Selain itu, kata Hasyim, perkiraan kemungkinan pelaksanaan pemilu 2024 dilaksanakan proporsional tertutup tidak terealisasi. Sebab, Hasyim mengatakan hal tersebut bergantung pada putusan MK nantinya yang akan dikeluarkan.
Mengenal Sistem Proporsional
Sebagai informasi, Pemilihan umum di Indonesia saat ini menerapkan sistem proporsional, di mana satu daerah pemilihan memilih beberapa wakil. Dalam sistem proporsional, ada kemungkinan penggabungan partai atau koalisi untuk memperoleh kursi.
Terdapat dua jenis sistem di dalam sistem proporsional yaitu sistem proporsional terbuka dan sistem proporsional tertutup. Sistem proporsional terbuka adalah sistem pemilu di mana pemilih memilih langsung wakil-wakil legislatifnya.

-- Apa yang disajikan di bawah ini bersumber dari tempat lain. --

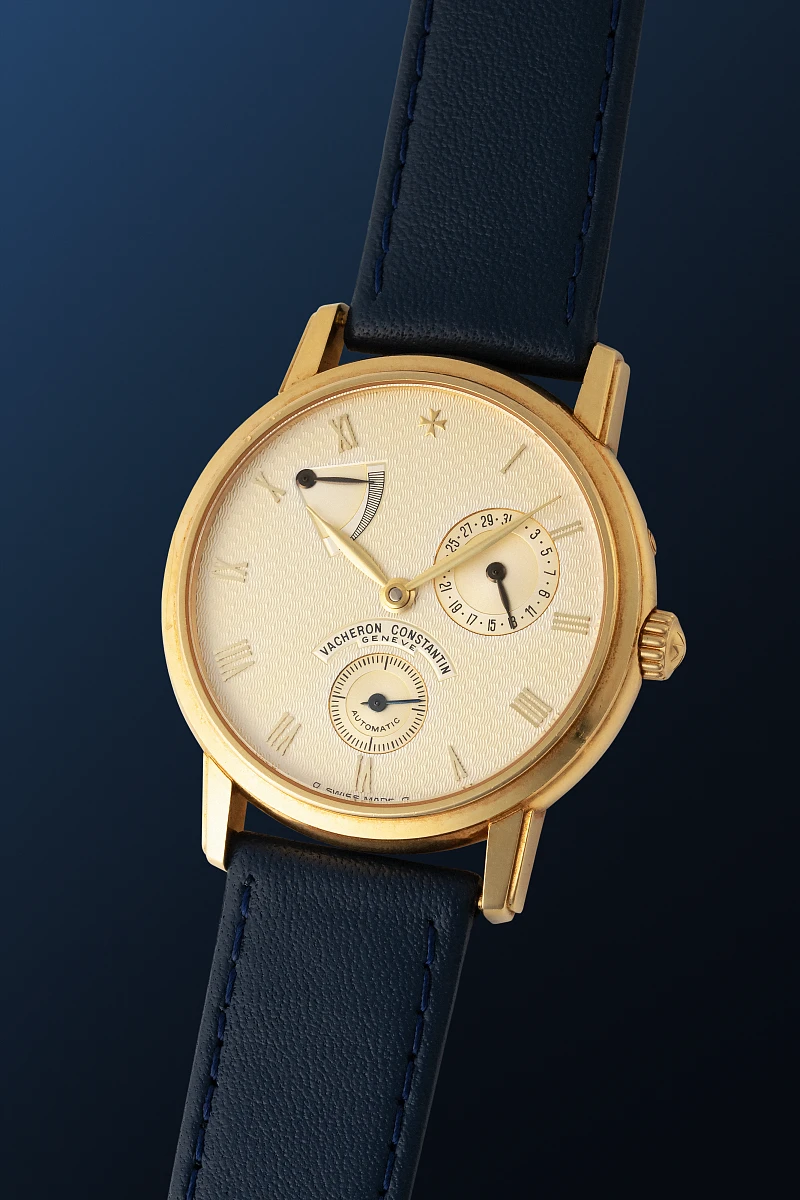 Patrimony Ref. 47200/1 in 18k Yellow Gold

Sedangkan dalam sistem proporsional tertutup, pemilih hanya memilih partai politiknya saja. Nantinya partai politik yang akan memilih anggota legislatif berdasarkan perolehan suara yang telah mereka raih.
Sistem proporsional daftar calon terbuka memberikan opsi bagi masyarakat pemilih untuk mencoblos partai ataupun nama caleg. Dalam surat suara, tercantum logo partai, nomor urut partai, dan daftar nama caleg.
Sistem terbuka dinilai memiliki derajat keterwakilan yang tinggi karena masyarakat pemilih bebas memilih wakilnya yang akan duduk di legislatif secara langsung, sehingga pemilih dapat terus mengontrol orang yang dipilihnya.
Sementara sistem proporsional daftar calon tertutup hanya menyediakan opsi logo dan nomor urut partai di surat suara. Parpol memiliki kewenangan untuk menentukan caleg yang akan duduk di parlemen apabila sudah mendapat jatah kursi.
Ditentang DPR
Sejumlah pihak juga menilai sistem ini kurang demokratis karena rakyat tidak bisa memilih langsung wakil-wakilnya yang akan duduk di legislatif, sebab pilihan parpol belum tentu senada dengan pilihan pemilih.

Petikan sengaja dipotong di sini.